Semantics is the study of how language is used to represent meaning. More precisely, semantics aims to explain how literal meanings are linguistically encoded and decoded by speakers and hearers. Other approaches to meaning include pragmatics, which deals with how meanings are inferred in relation to context, and semiotics, which is a more general study of how we interpret both linguistic and non-linguistic signs. For example, if one person shows a ring to another, saying “Here is the ring”, there are several layers of meaning that could be examined. At the level of semantics, the deictic pronoun here indicates a proximal location; the verb be signifies existence in a location; the determiner the shows that both speaker and hearer have previous knowledge of this ring; and the word ring picks out a particular type of object in the world. At the level of pragmatics, depending on the context, the hearer might infer that this speech act is a proposal of marriage, or a request for a divorce, or a directive to embark upon a magical quest. In terms of semiotics, the ring itself may be understood as a symbol of a bond, alliance, or vow, which by extension might signify matrimony, allegiance to a college, or religious authority. In comparison with pragmatics and semiotics, semantics has a narrower scope of investigation in that it restricts its concern to linguistic aspects of meaning. Within semantics, there are various theoretical approaches, including formal semantics, which uses propositional logic to capture relations between linguistic expressions and the things to which they refer, and cognitive semantics, which sees meaning in language as emerging from general cognitive principles. These important lines of research are beyond the bounds of the current chapter, which deals with a different aspect of semantics with direct relevance to the language classroom: lexical semantics, the study of how meaning is encoded in words, and how word meaning relates to sentence meaning.
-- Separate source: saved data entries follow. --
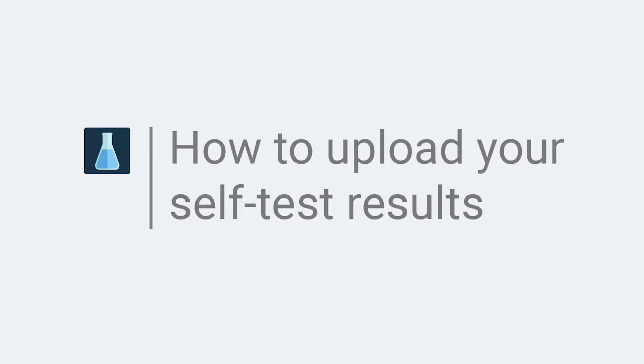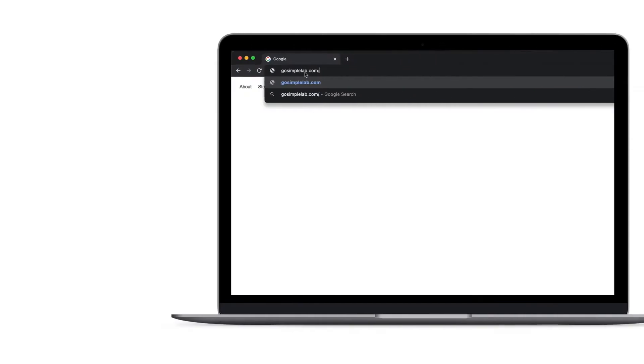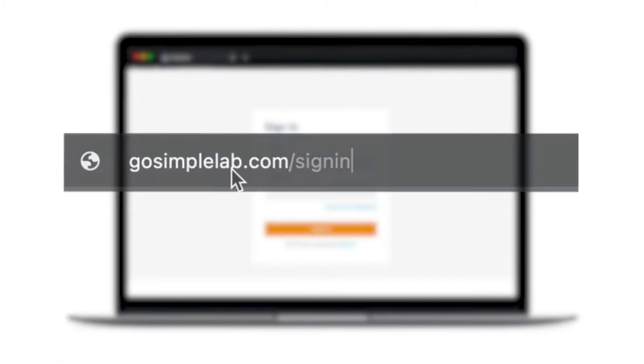Here's how to upload your self-test results to your TAP score and water report. Create your SimpleLab account if you haven't already and then sign in.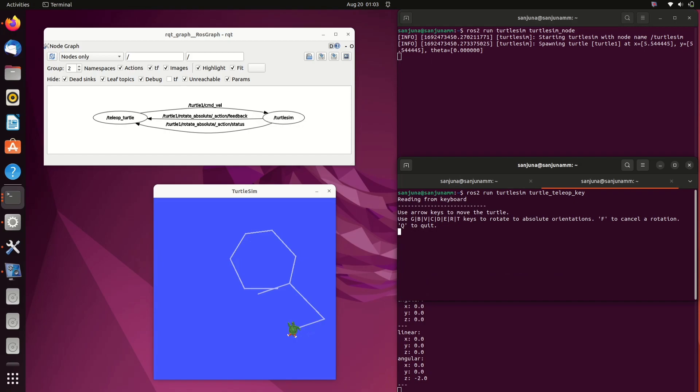So I hope you got an understanding of ROS nodes and ROS topics with this simple example. Thank you.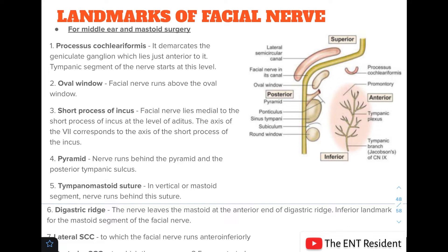Landmarks of the facial nerve is a very important topic because during parotid surgeries and middle ear and mastoid surgeries we need pointers to identify the facial nerve during surgery so that we can avoid any injury to it. Let us look at all these landmarks, starting with middle ear and mastoid surgeries.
In the following section, fundamental concepts of lexical semantics are introduced, including the traditional distinction between reference and sense, the mental lexicon as a network, and the various types of meaning relations between words. Most modern research in this domain focuses on elements of meaning below the word level, and investigates both features inside words as well as features that words can require in their surrounding linguistic context. An overview is given of the fascinating and ongoing debate among researchers concerning how the meanings of words determine syntactic structure. In the second part of this chapter, several examples of second language (L2) research are presented in order to illuminate how lexical semantics might be relevant for language learning in the classroom. Such research addresses questions of how word meanings in a new language are acquired, given that learners initially assume equivalence between words in translation, even though words rarely have the same meaning in two different languages. It is argued that several findings in L2 lexical semantics are of direct relevance to teaching practice, materials development, and syllabus design.